I appreciate the ingenuity of this solution (deleting the next node), but it does not answer the problem's question. If this is the actual solution, the correct question should be "delete from the linked list the VALUE contained in a node on which the pointer is given". But of course, the correct question gives you a hint on solution. The problem as it is formulated, is intended to confuse the person (which in fact has happened to me, especially because the interviewer did not even mention that the node is in the middle).

Answer 4

You'll have to march down the list to find the previous node. That will make deleting in general O(n**2). If you are the only code doing deletes, you may do better in practice by caching the previous node, and starting your search there, but whether this helps depends on the pattern of deletes.

Answer 5

This is a piece of code I put together that does what the OP was asking for, and can even delete the last element in the list (not in the most elegant way, but it gets it done). Wrote it while learning how to use linked lists.

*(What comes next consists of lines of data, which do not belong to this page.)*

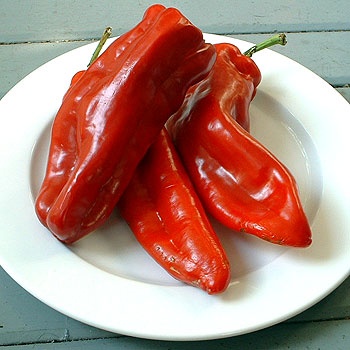Red Shepherd Pepper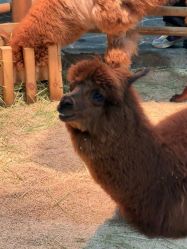 -Zoolung Zoolung动物主题公园(海信广场店)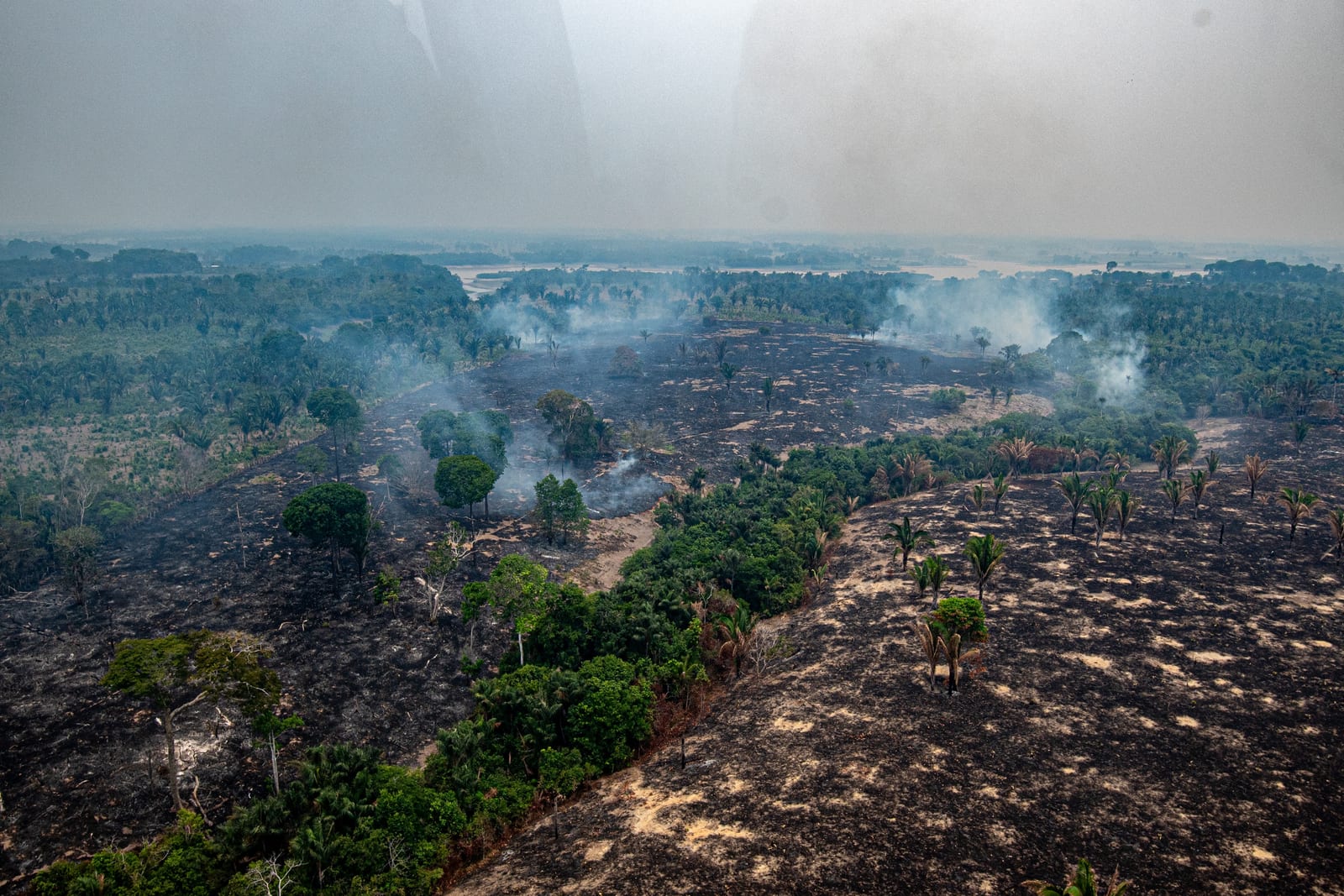80% dos focos no Amazonas estão em imóveis rurais privados; queimadas explodem após 4 de outubro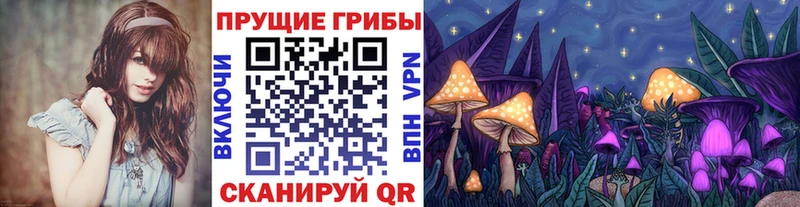 Псилоцибиновые грибы прущие грибы  Зея 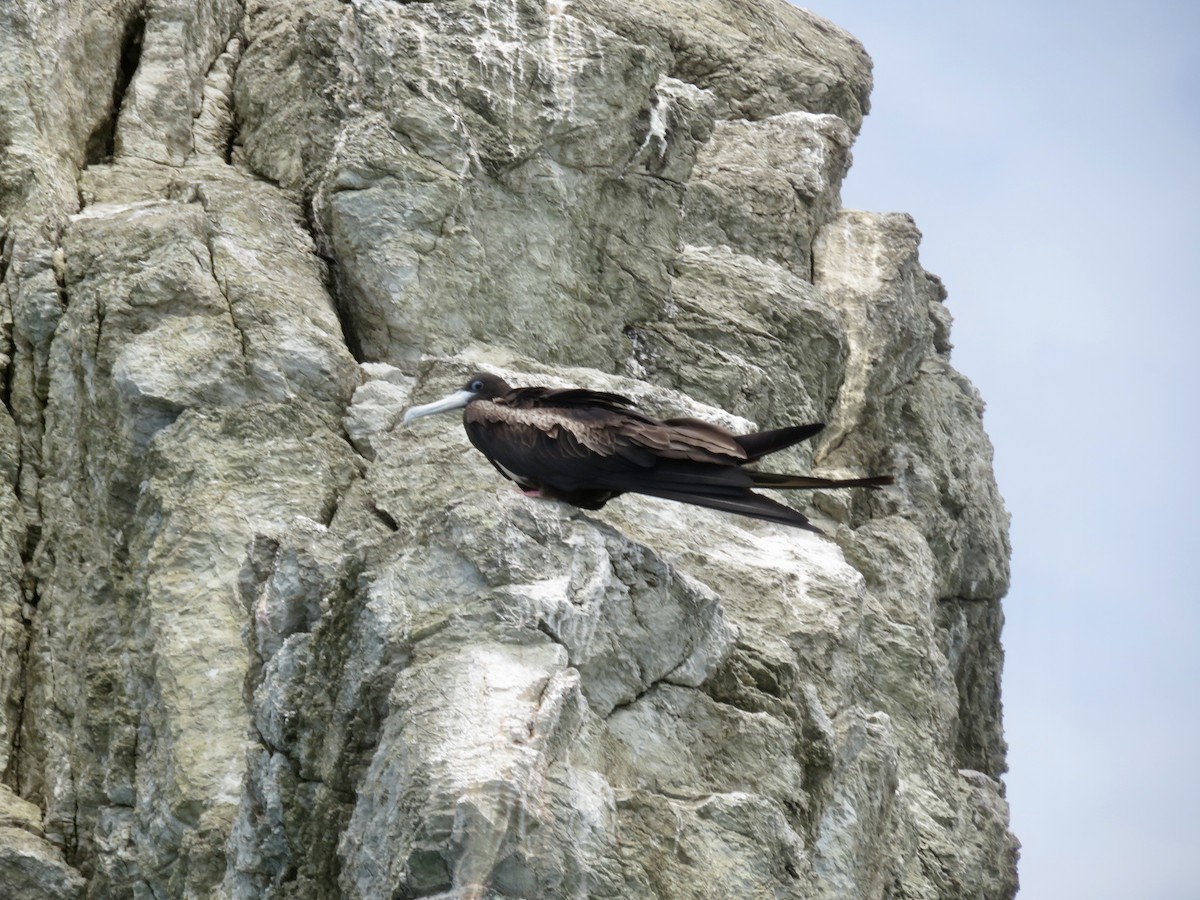 Magnificent Frigatebird - ML615077909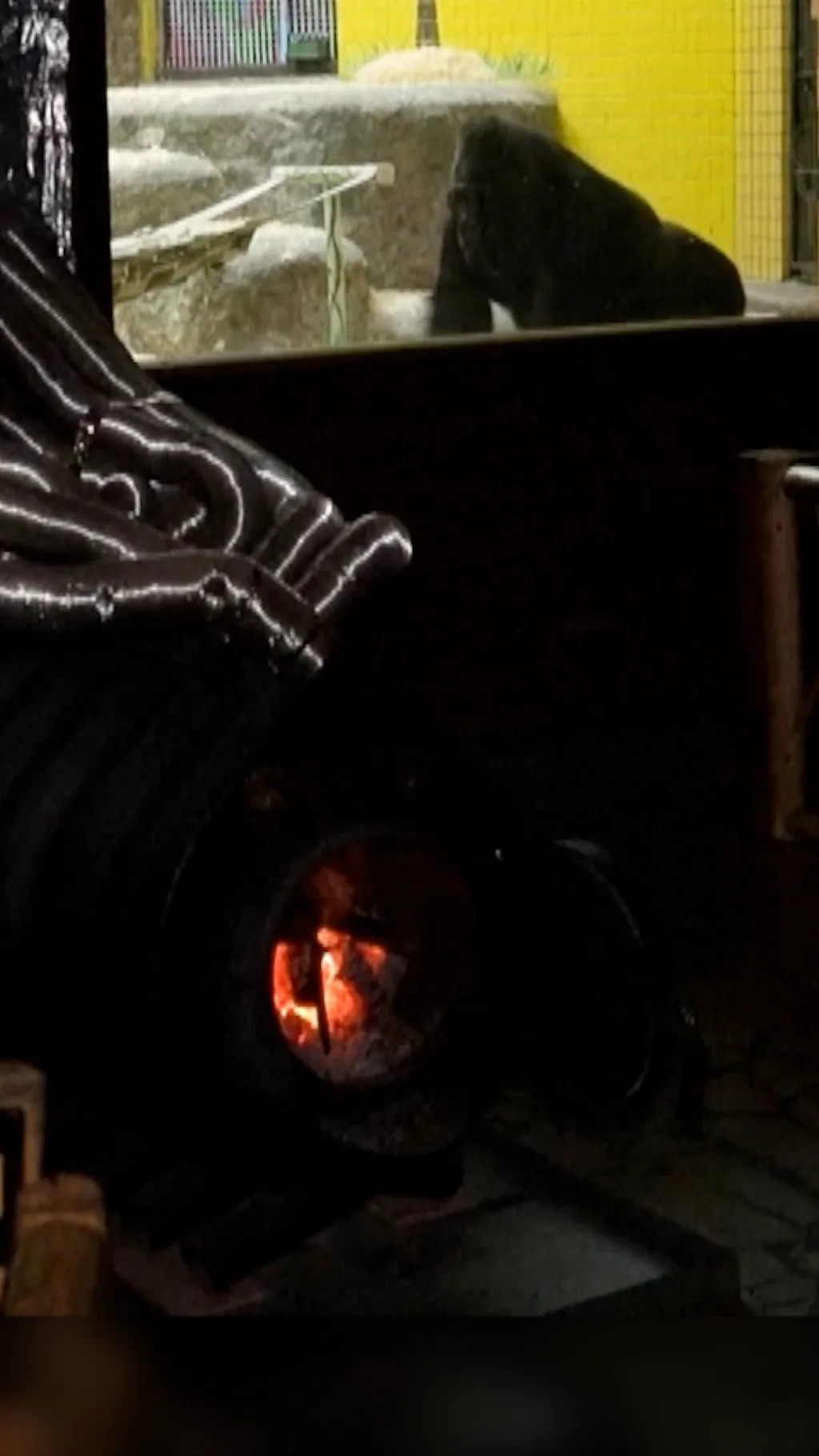 Дровяная печь на фоне гориллы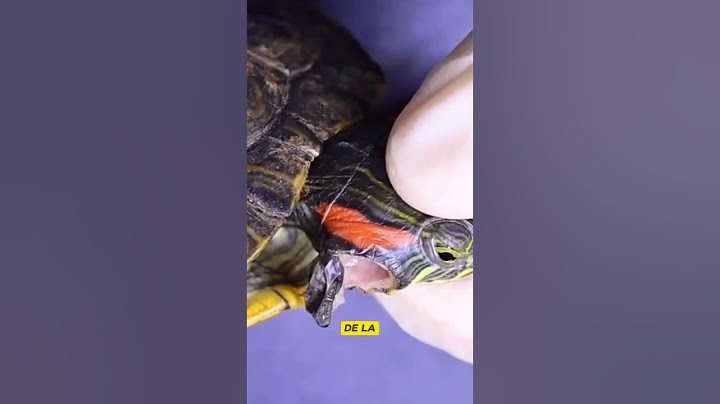 Extracción de absceso en tortuga 🐢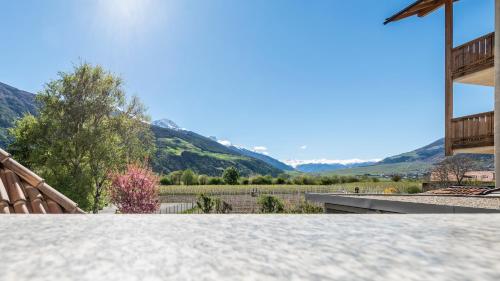 Фотография гостиницы Vinschgerhof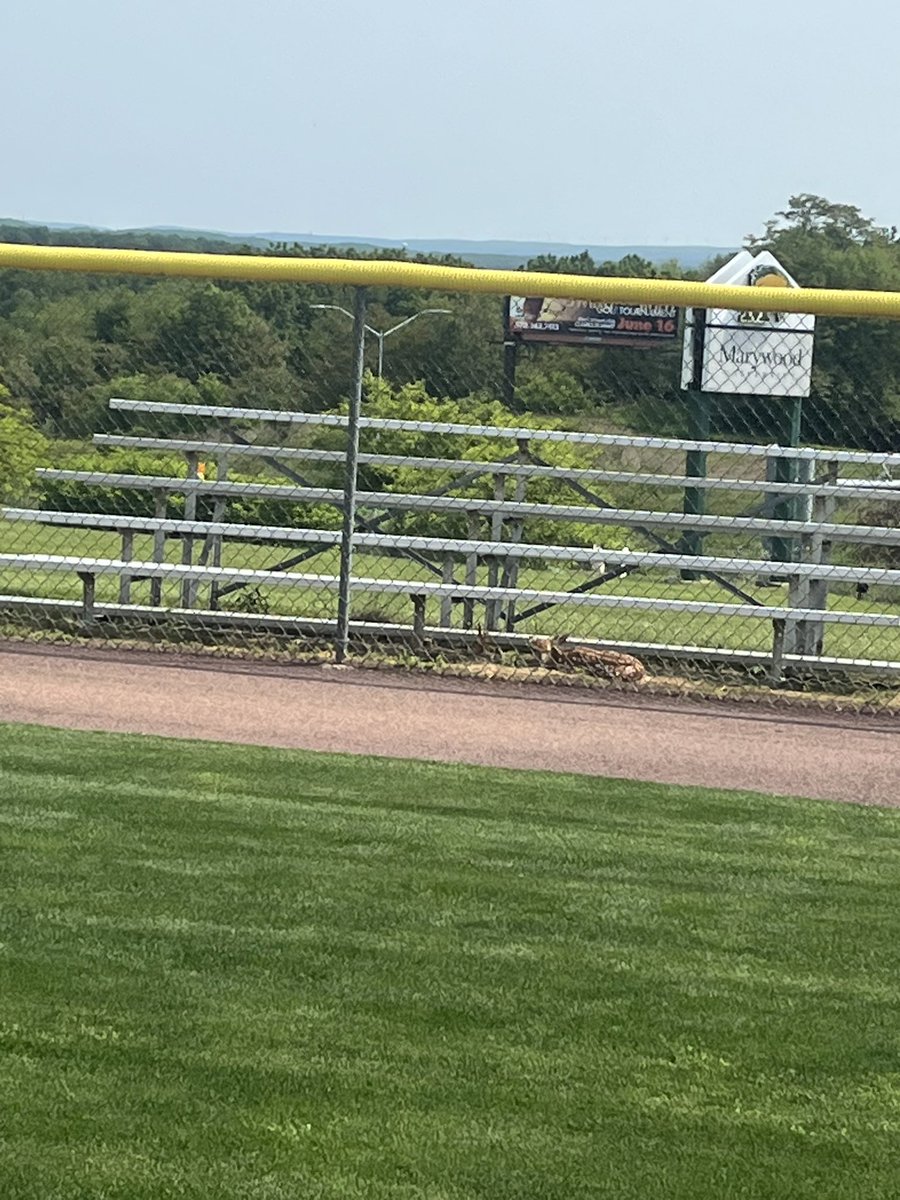 Rob Galdieri tweet media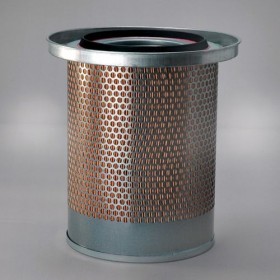 Filtru Aer Motor P781373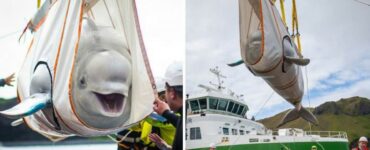 Bellissime Balene Beluga Sono felicissime di essere salvate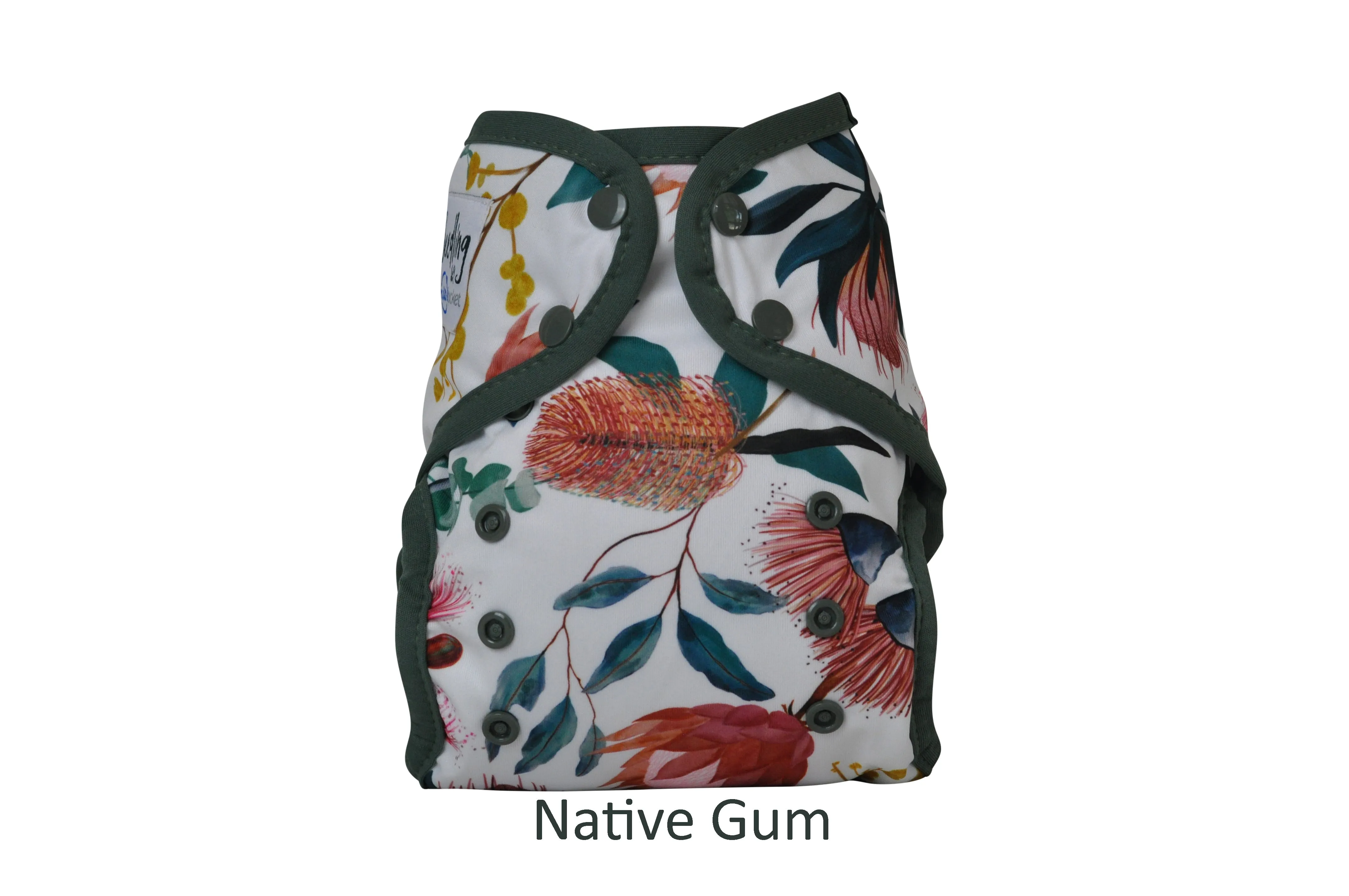 Paddle Pants by Seedling Baby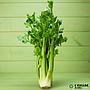 organic celery La Sort 1kg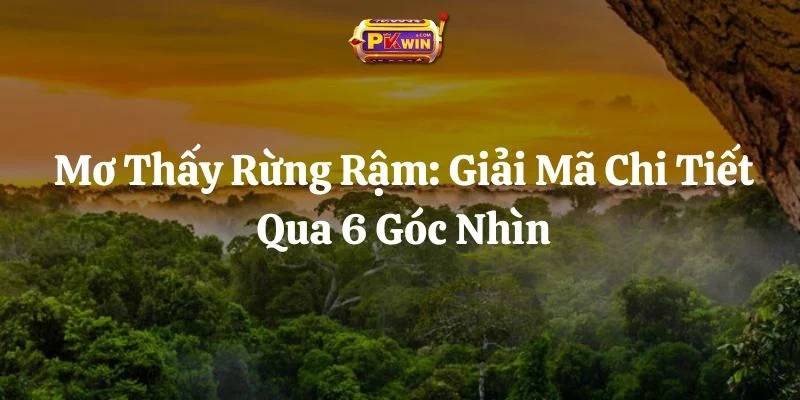 Mơ Thấy Rừng Rậm: Giải Mã Chi Tiết Qua 6 Góc Nhìn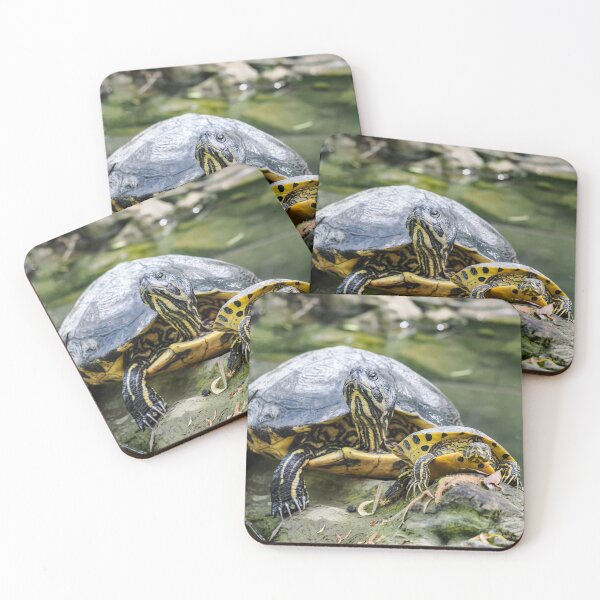 Item preview, Florida Turtle designed and sold by MS.photo.
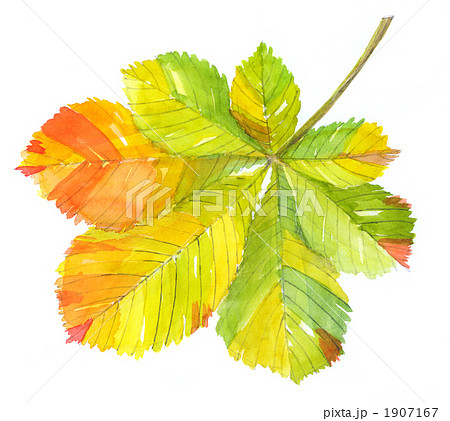 とち 橡 栃 1907167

Hope it helps.

#include <cstdlib>
#include <ctime>
#include <iostream>
#include <string>

using namespace std;


struct node
{
    int nodeID;
    node *next;
};

void printList(node* p_nodeList, int removeID);
void removeNode(node* p_nodeList, int nodeID);
void removeLastNode(node* p_nodeList, int nodeID ,node* p_lastNode);

node* addNewNode(node* p_nodeList, int id)
{
    node* p_node = new node;
    p_node->nodeID = id;
    p_node->next = p_nodeList;
    return p_node;
}

int main()
{
    node* p_nodeList = NULL;
    int nodeID = 1;
    int removeID;
    int listLength;
    cout << "Pick a list length: ";
    cin >> listLength;
    for (int i = 0; i < listLength; i++)
    {
        p_nodeList = addNewNode(p_nodeList, nodeID);
        nodeID++;
    }
    cout << "Pick a node from 1 to " << listLength << " to remove: ";
    cin >> removeID;
    while (removeID <= 0 || removeID > listLength)
    {
        if (removeID == 0)
        {
            return 0;
        }
        cout << "Please pick a number from 1 to " << listLength << ": ";
        cin >> removeID;
    }
    removeNode(p_nodeList, removeID);
    printList(p_nodeList, removeID);
}

void printList(node* p_nodeList, int removeID)
{
    node* p_currentNode = p_nodeList;
    if (p_currentNode != NULL)
    {
        p_currentNode = p_currentNode->next;
        printList(p_currentNode, removeID);
        if (removeID != 1)
        {
            if (p_nodeList->nodeID != 1)
            {
                cout << ", ";
            }

            cout << p_nodeList->nodeID;
        }
        else
        {
            if (p_nodeList->nodeID !=2)
            {
                cout << ", ";
            }
            cout << p_nodeList->nodeID;
        }
    }
}

void removeNode(node* p_nodeList, int nodeID)
{
    node* p_currentNode = p_nodeList;
    if (p_currentNode->nodeID == nodeID)
    {
        if(p_currentNode->next != NULL)
        {
            p_currentNode->nodeID = p_currentNode->next->nodeID;
            node* p_temp = p_currentNode->next->next;
            delete(p_currentNode->next);
            p_currentNode->next = p_temp;
        }
        else
        {
            delete(p_currentNode);
        }
    }
    else if(p_currentNode->next->next == NULL)
    {
        removeLastNode(p_currentNode->next, nodeID, p_currentNode);
    }
    else
    {
        removeNode(p_currentNode->next, nodeID);
    }
}

void removeLastNode(node* p_nodeList, int nodeID ,node* p_lastNode)
{
    node* p_currentNode = p_nodeList;
    p_lastNode->next = NULL;
    delete (p_currentNode);
}

Answer 6

Not if you want to maintain the traversability of the list. You need to update the previous node to link to the next one.

How'd you end up in this situation, anyway? What are you trying to do that makes you ask this question?